Other media outlets don't have a cash cow anything like this. And BGov chairman Kevin Sheekey couldn't help but rub it in, walking up to the terminal's blinking prompt and challenging one guest: "Why don't you look up the price of the New York Times Co.?"

Ouch. As most of the news industry withers, Bloomberg is booming. Terminal money, which accounts for 80 percent of revenue, has helped the company hire more reporters and editors than anyone else on the planet—more than 2,700 of them—over the last 20 years, from Abuja, Nigeria, to Zagreb, Croatia. More recently it has launched powerful new tools for lobbyists, lawmakers, and other power brokers. Long averse to acquisitions, Bloomberg has also started buying up things it covets, like Businessweek magazine and, just this August, the legal-political research behemoth BNA. There is talk that the Financial Times might be its next meal.

All of which means that by the time Michael Bloomberg, 88 percent owner of Bloomberg L.P., leaves New York's City Hall two years from now, he will have his name stamped on some instruments of surprisingly deep influence.

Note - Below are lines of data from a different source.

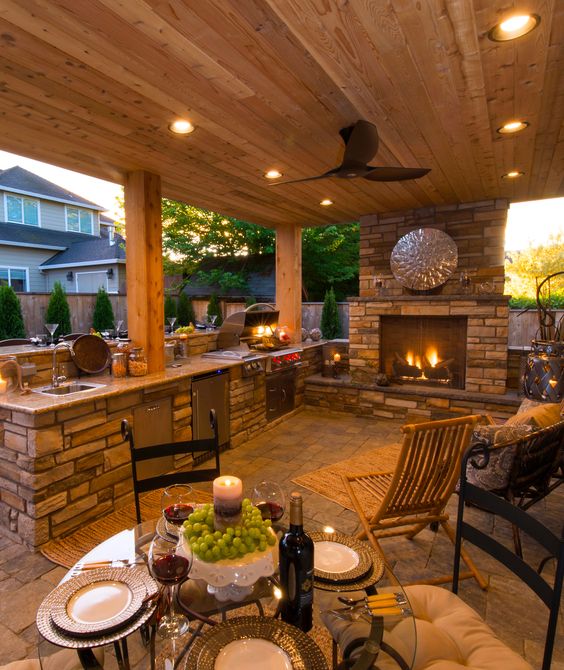 a fireplace for light and coziness and small LED lights over the whole kitchen and dining area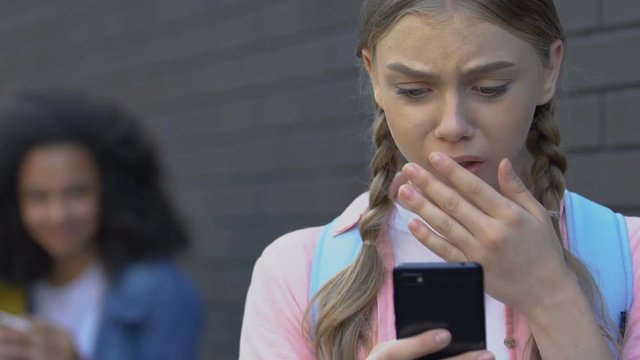 Girl upset by negative comments in social network, peers mocking, cyberbullying
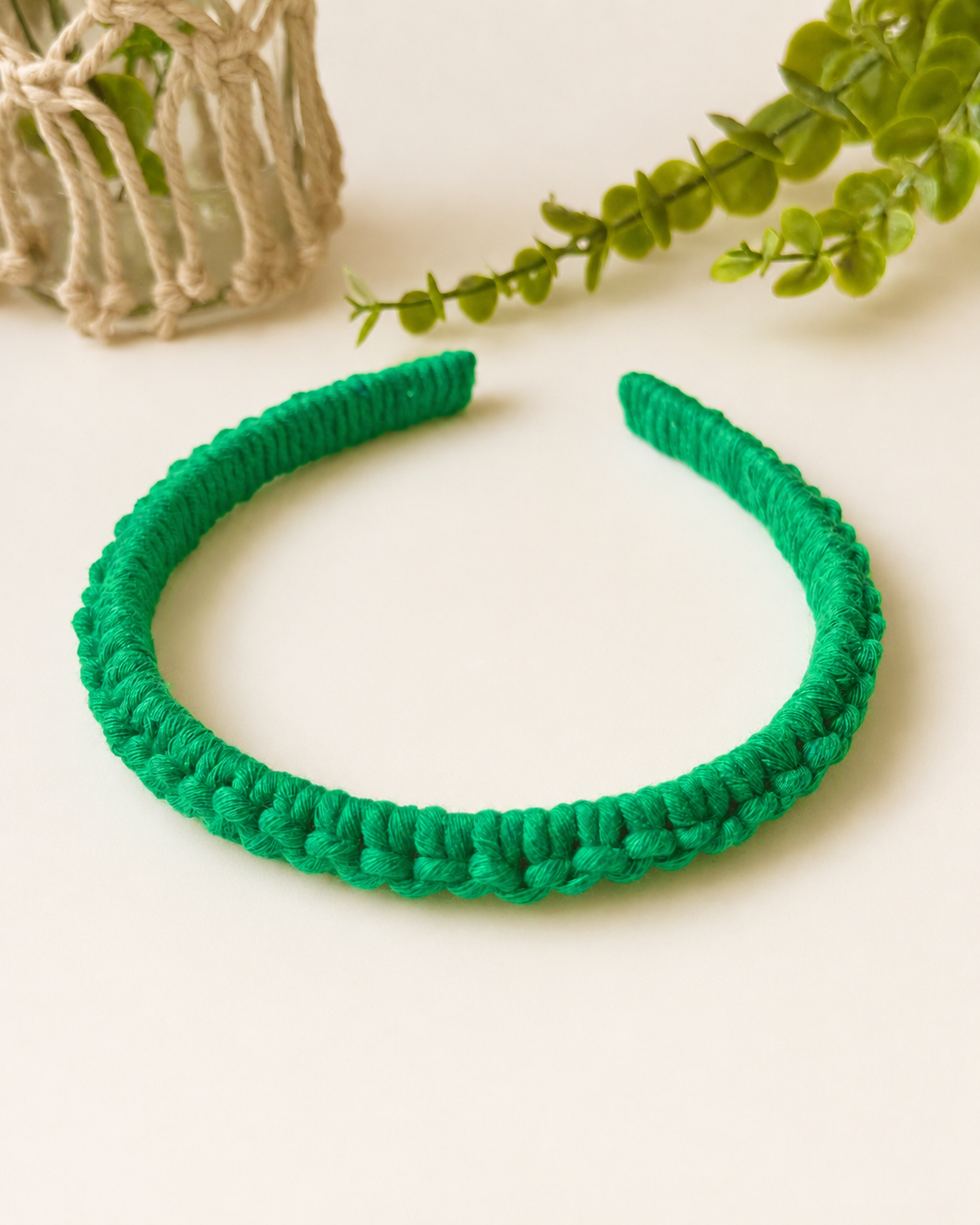 Green handmade macramé headband crafted with cotton cord.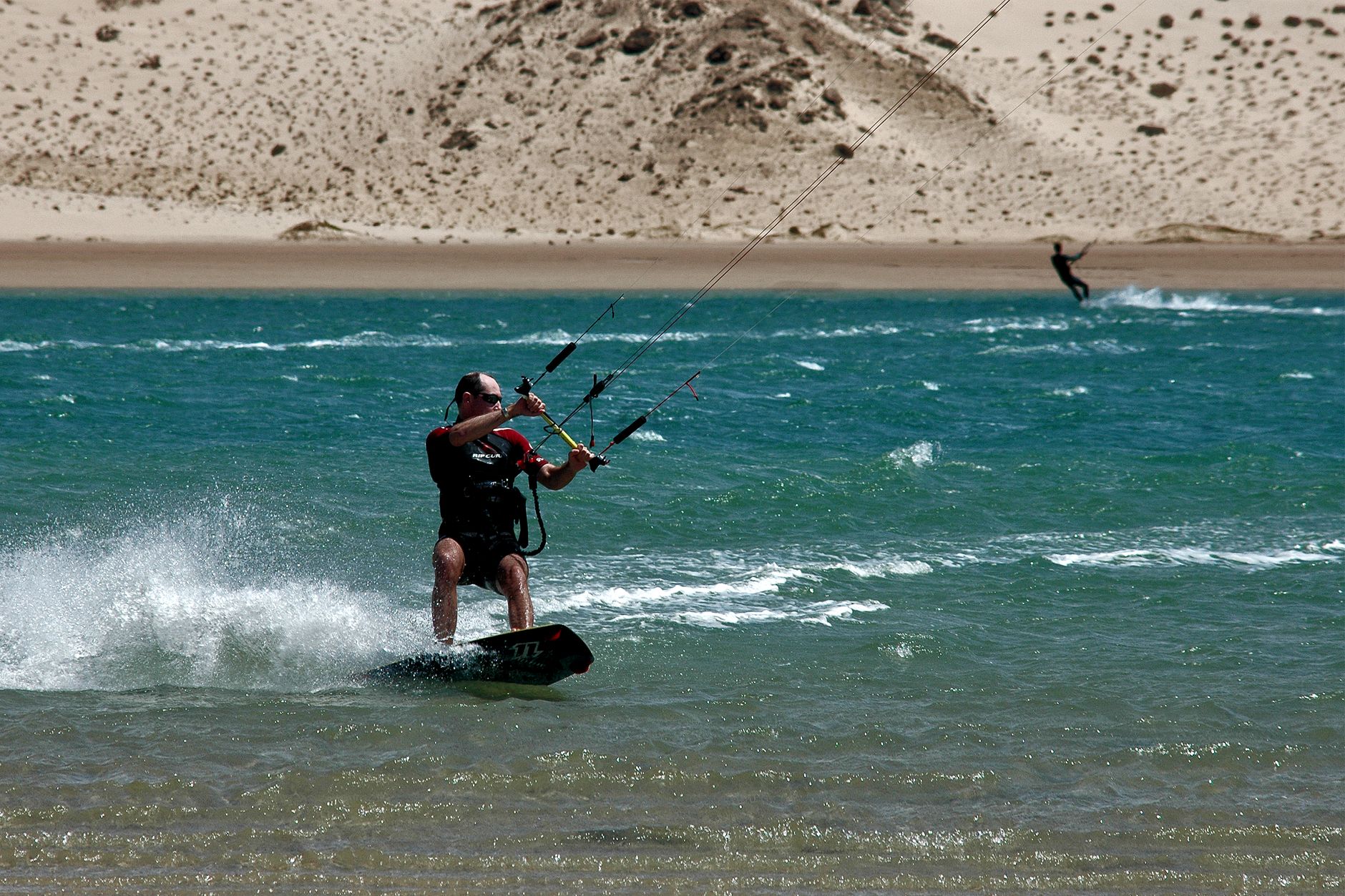 A thrilling kitesurfing scene at the beach in Oued Ed-Dahab-Lagouira, featuring waves and dunes.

But this isn't just another story about a company beating the odds and growing in a down economy. Bloomberg the company is not all that well known beyond Wall Street; its expansion has managed to be both subtle and seismic, and could fundamentally alter not just the kind of news Americans get but the events in the news themselves. While one guiding principle of traditional journalism is to "comfort the afflicted and afflict the comfortable," Bloomberg has made its money comforting the comfortable—plying high-spending traders and other business insiders with all the data they need to do their jobs with confidence.

Now it's taking that formula to Washington. When Bloomberg bought BNA for $990 million in August, most Americans had never heard of the Bureau of National Affairs or its 350 newsletters on topics like tax, health care, and labor. It doesn't produce popular scoops—instead it churns out nuts-and-bolts information on things like an appeals-court judge's ruling on a patent dispute; when the House Appropriations Committee will mark up an EPA funding bill; and how telecom giants will benefit from a moratorium on wireless taxes. Which means every lawyer, lobbyist, and law-maker in the capital depends on BNA's proprietary data to do his or her job and gain an edge over competitors. From that angle, BNA is just the kind of company that Bloomberg— already a powerhouse among business insiders—could use to extend its power into new markets, in this case the "influencing community" inside the Beltway.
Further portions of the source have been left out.